Resultant df should look like: df:
Collection ID status
0 [{'tom': 'one'}, {'tom': 'two'}] 10 1
1 [{'nick': 'one'}] 10 0
2 [{'julie': 'one'}] 14 1
I have tried to go along the np.where function which I have found closest to my problem from Stack Overflow but failing to get an alternative of df['Collection'].str.len()
which will give me the length of the list.
df['status']=np.where(df["Collection"].str.len() > 1, 1, 0)
Thanks in advance.
df to dict value:
{'Collection': {0: [{'tom': 'one'}, {'tom': 'two'}],
1: [{'nick': 'one'}],
2: [{'julie': 'one'}]},
'ID': {0: 10, 1: 10, 2: 14}}
CodePudding user response:
IIUC, you can do:
df.loc[df.assign(l=df['Collection'].apply(len)).groupby('ID').idxmax()['l'], 'status'] = 1
df['status'] = df['status'].fillna(0).astype(int)

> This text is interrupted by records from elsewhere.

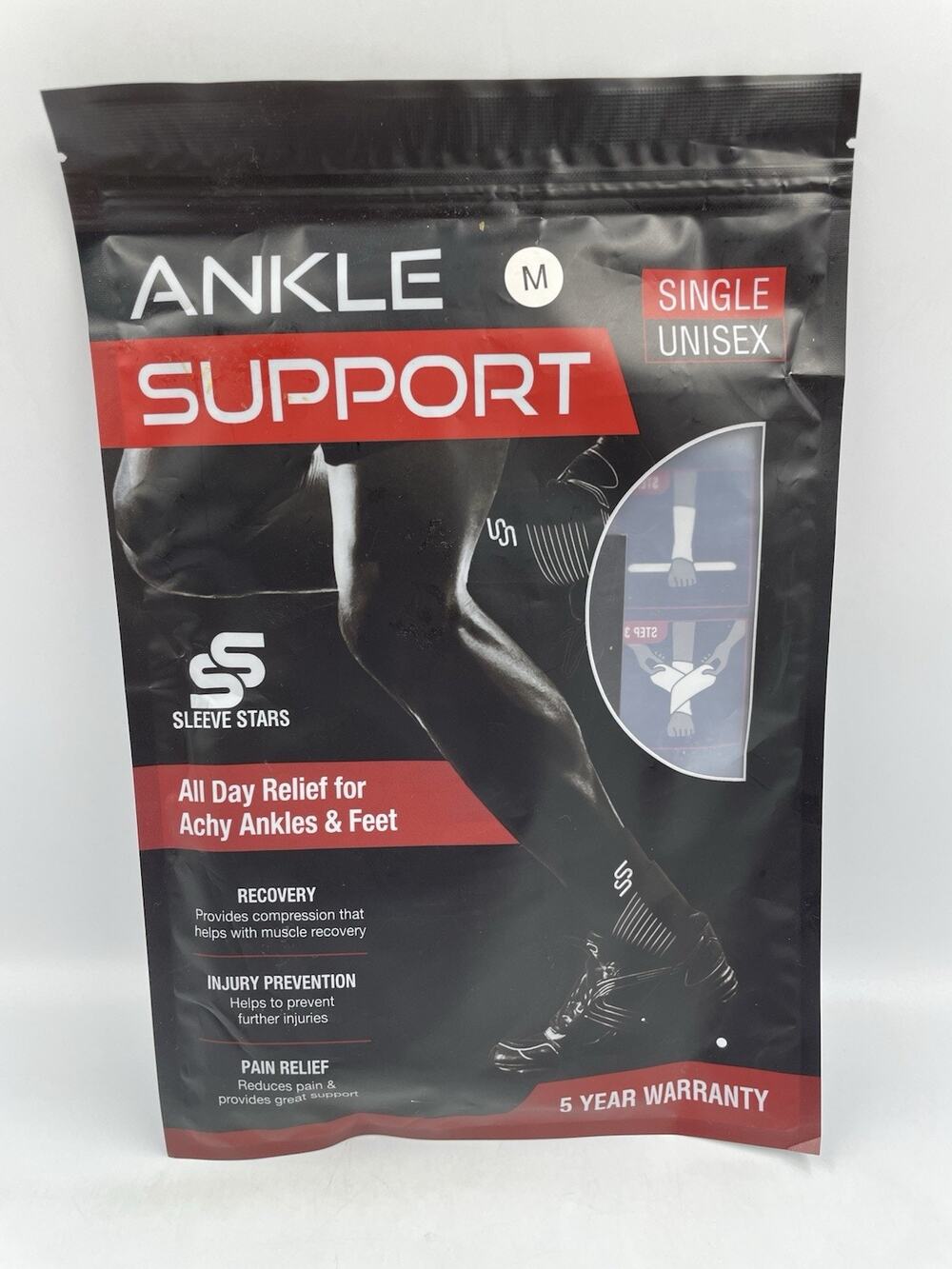Sleeve Stars Ankle Support Compression Brace w/ Adjustable Strap Black M Unisex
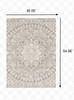 4' x 5' Ivory Grey Distressed Oversize Medallion Indoor Area Rug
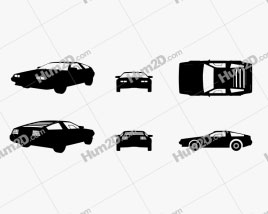 DeLorean DMC-12 Silhueta car clipart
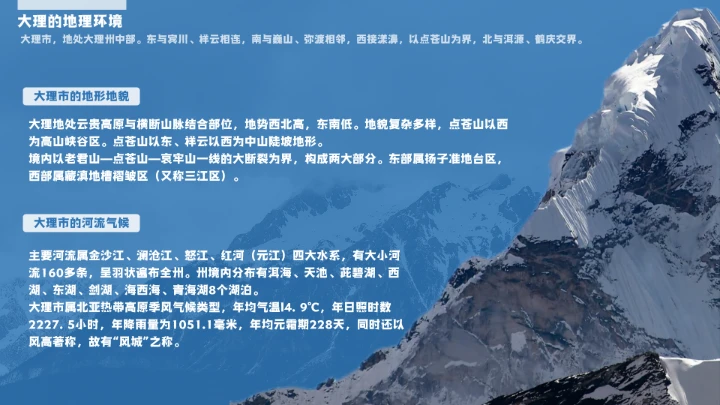 云南大理城市介绍旅游宣传PPT模板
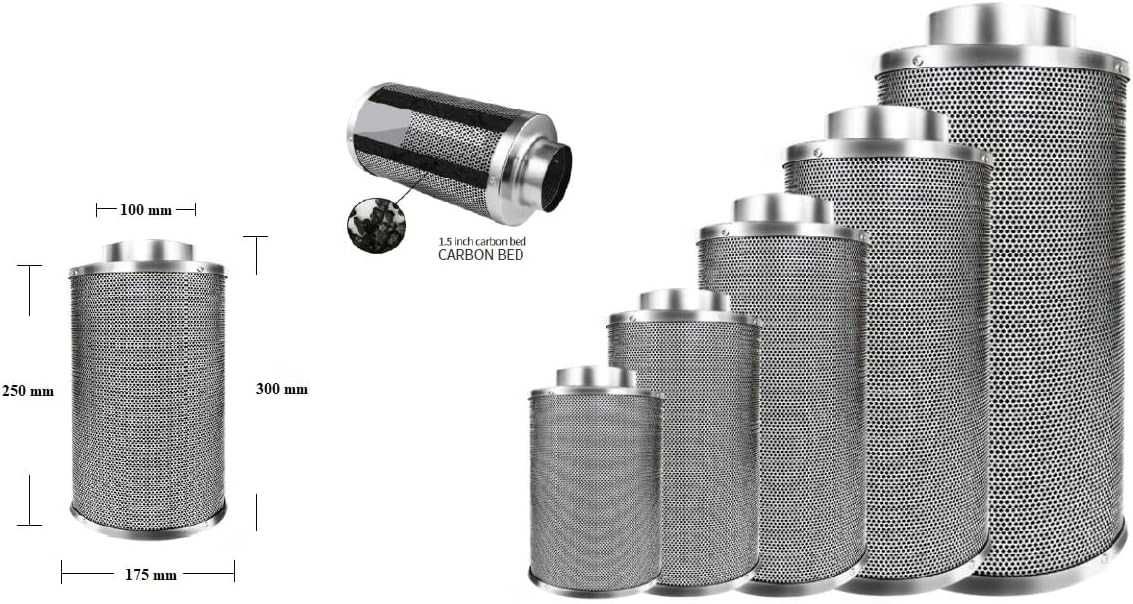 Filtru de cărbune activat Grow Air Purifier 100x250mm până la 250 m3/h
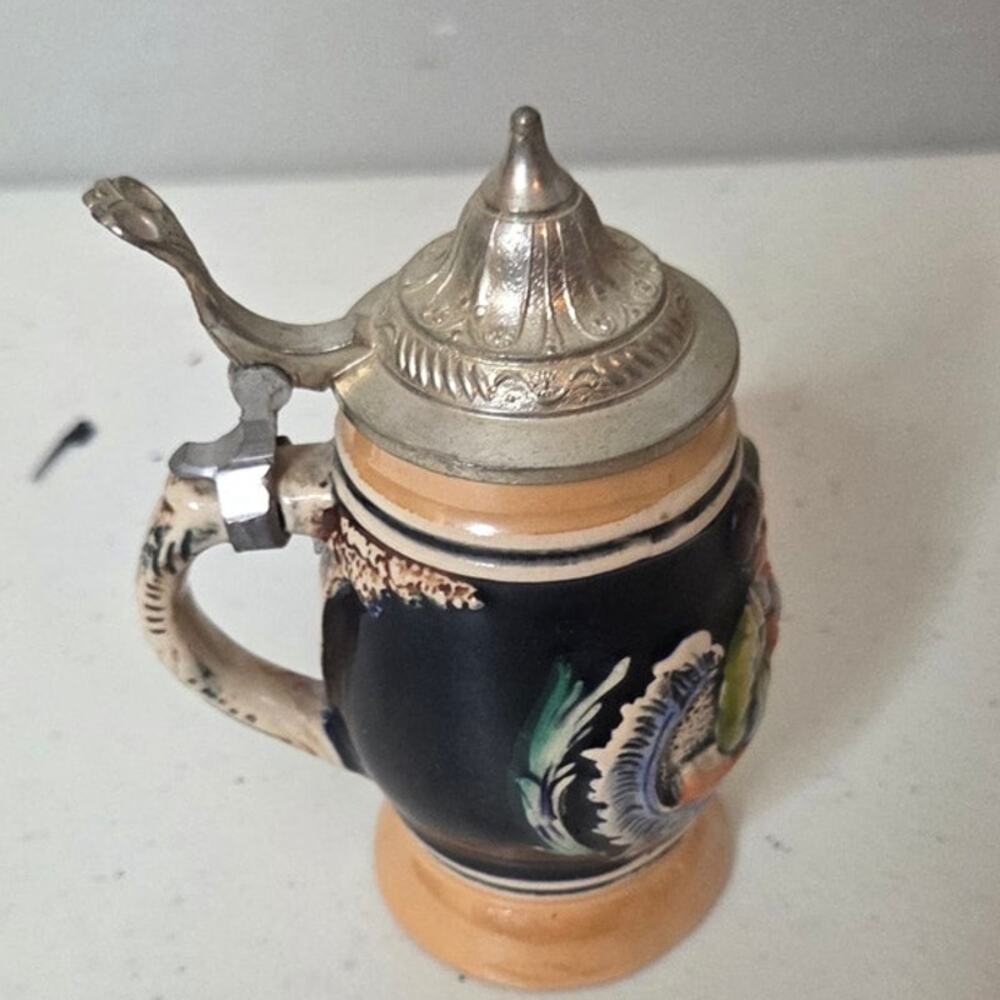 Schmid Brothers W Germany Vintage Ceramic Miniature Lidded Beer Stein Figurine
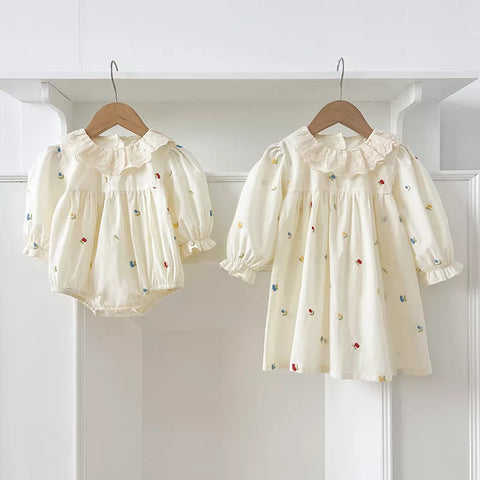 Girls Mini Fruit Embroidery Ruffle Collar Bodysuit or Dress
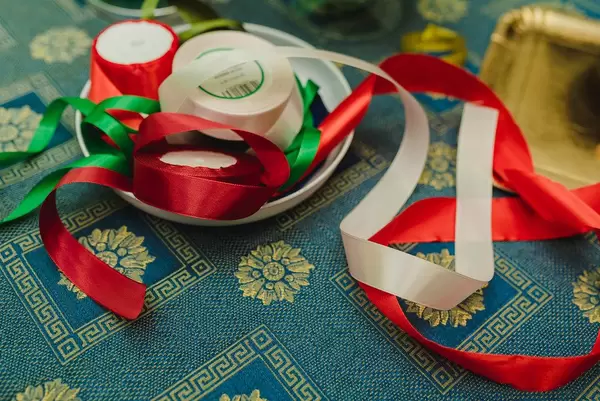 Red And Green Ribbon For Handmade Decors (Flip 2019)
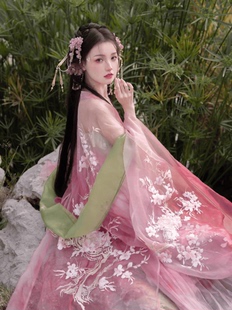 春日宴粉色晕染外绣花大袖 诃子裙夏粉色桃花摄影古风仙女重工汉服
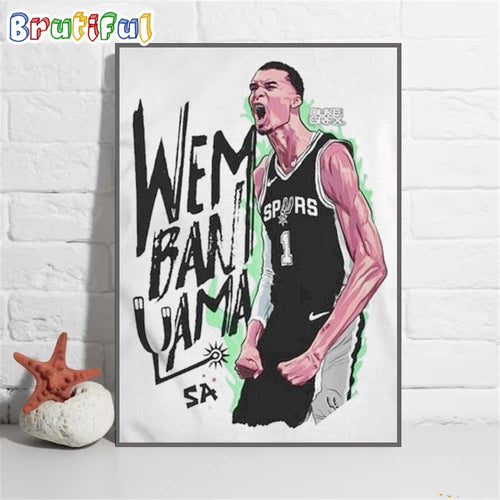 Victor Wembanyama San Antonio 2024 Spurs Basketball Wall Art Poster Canvas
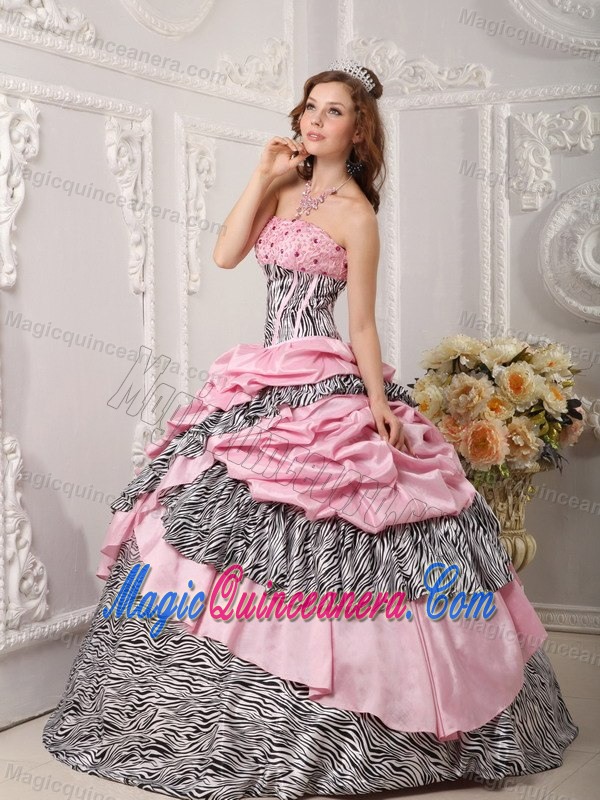 Zebra Print and Beading Accent Pink Taffeta Dress for Quinceanera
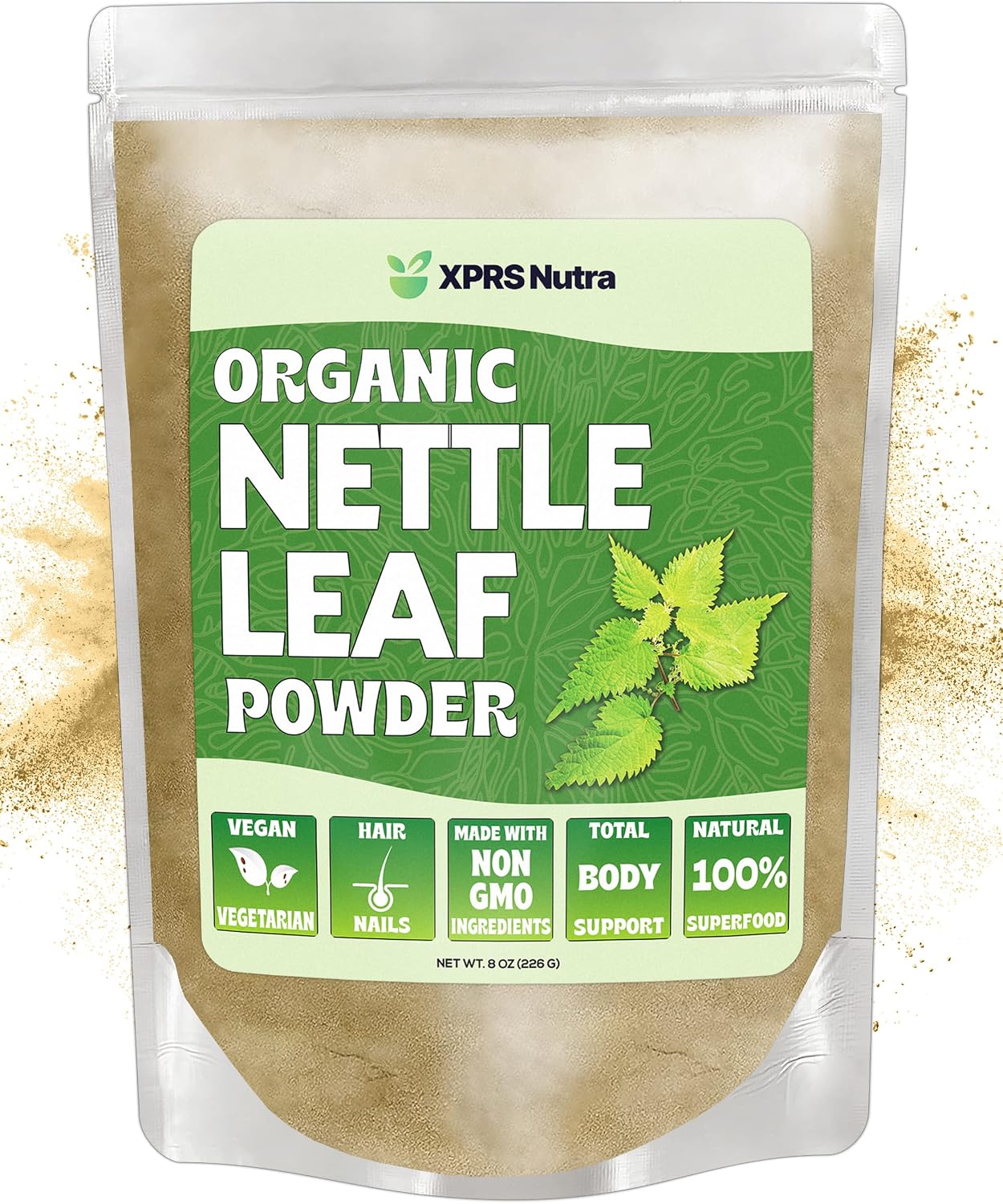 XPRS Nutra Organic Nettle Leaf Powder - Premium USDA Organic Stinging Nettle Powder for Hair and Nails - Vegan Friendly Energy Boosting Organic Stinging Nettle Leaf (8 oz)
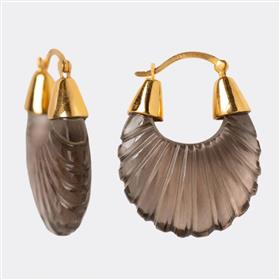 18k Gold Plated Carved Smoky Quartz Fancy Gemstone Dangle Earrings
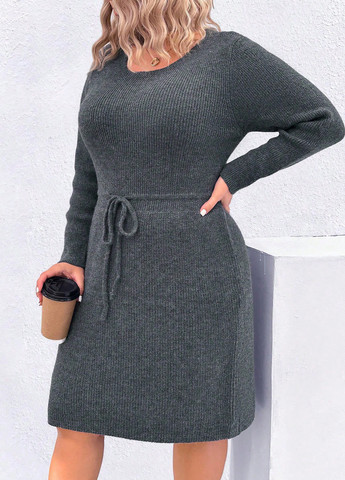 Темно-сіра кежуал сукня сукня светр SHEIN меланжева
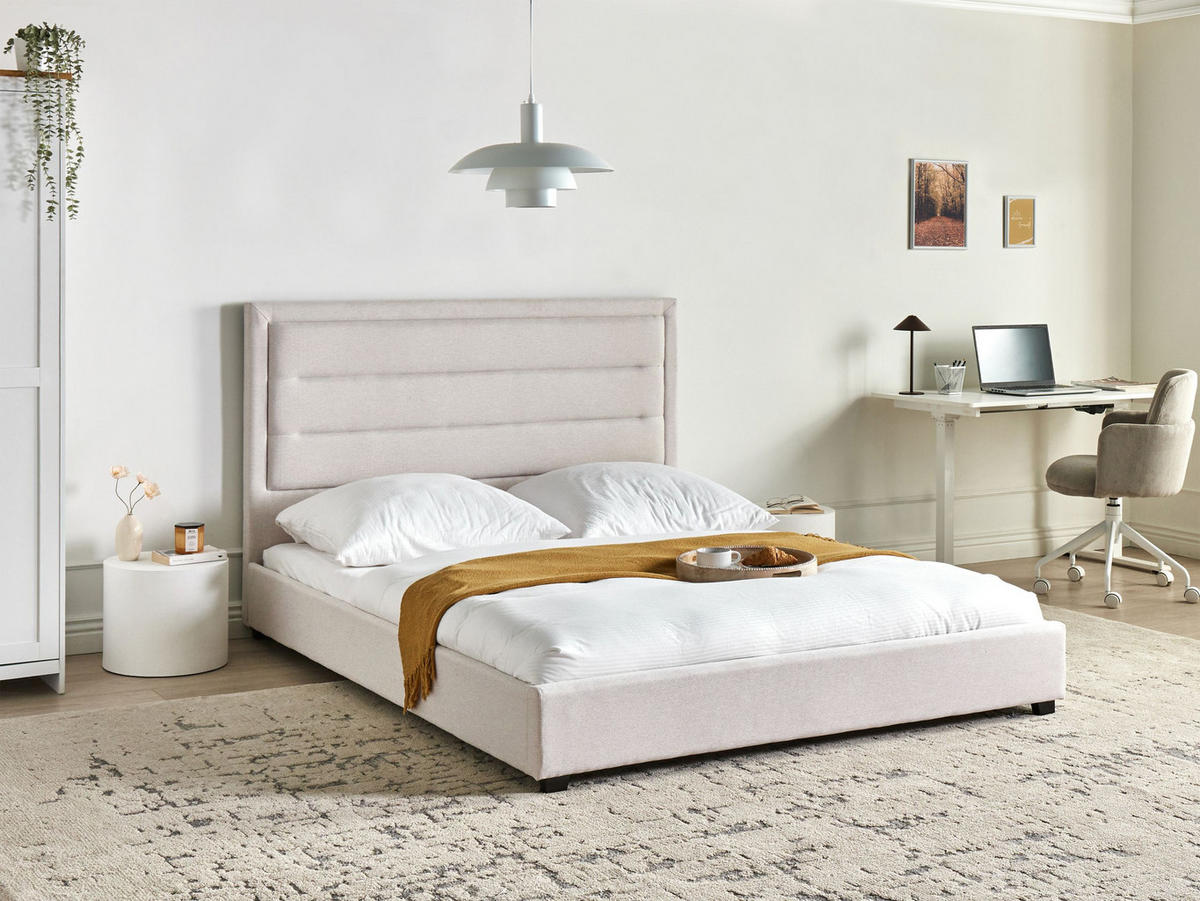 BETT mit Lattenrost 160/200 cm Hellbeige Rouen - Beige/Schwarz, Textil (160/200cm) - Beliani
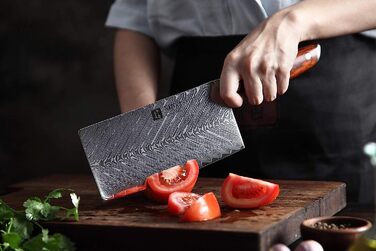 Нож-топорик из дамасской стали 18 см Yi Series XINZUO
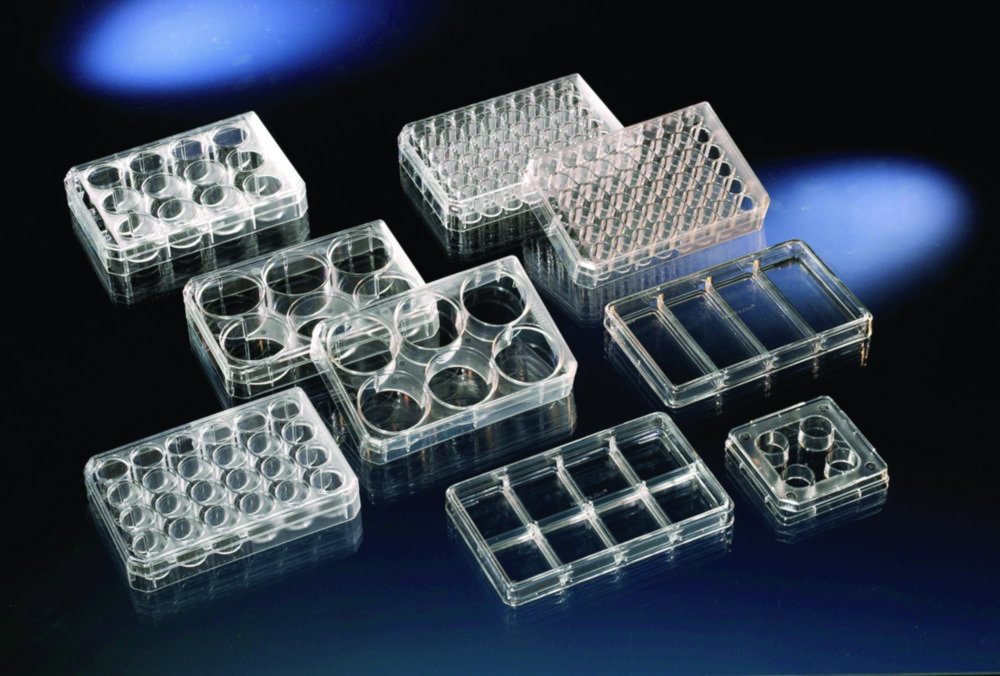 Multiplates, 4 well, PS, Nunclon, treated, flat bottom, with cover, sterile,  pack of 100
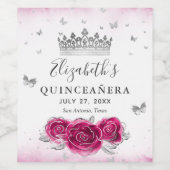 エレガント明るい赤紫色&シルバークラウンパーチメント紙 ワインラベル (シングルラベル)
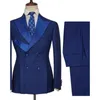 Ternos masculinos Blazers Rosa Men Suits Feito de Bedido Duplo de Bedido Duilado Casamento Terno Masculino Figurino Homme Italien 2pcsblazerspants 230503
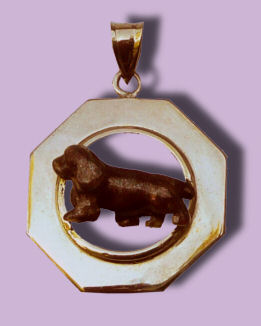 14K Gold or Sterling Silver Sussex Spaniel with Enamel Artwork  Trotting in Glossy Octagon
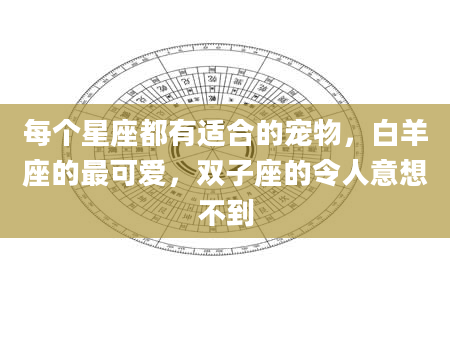 每个星座都有适合的宠物，白羊座的最可爱，双子座的令人意想不到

In a later version of pandas, probably you need to supply numeric_only=True
in idxmax()
function.
output:
Collection ID status
0 [{'tom': 'one'}, {'tom': 'two'}] 10 1
1 [{'nick': 'one'}] 10 0
2 [{'julie': 'one'}] 14 1
CodePudding user response:
A possible solution:
df['status'] = df['Collection'].map(len)
df['status'] =(df.groupby('ID', sort=False)
.apply(lambda g: 1*g['status'].eq(max(g['status'])))
.reset_index(drop=True))
Output:
Collection ID status
0 [{'tom': 'one'}, {'tom': 'two'}] 10 1
1 [{'nick': 'one'}] 10 0
2 [{'julie': 'one'}] 14 1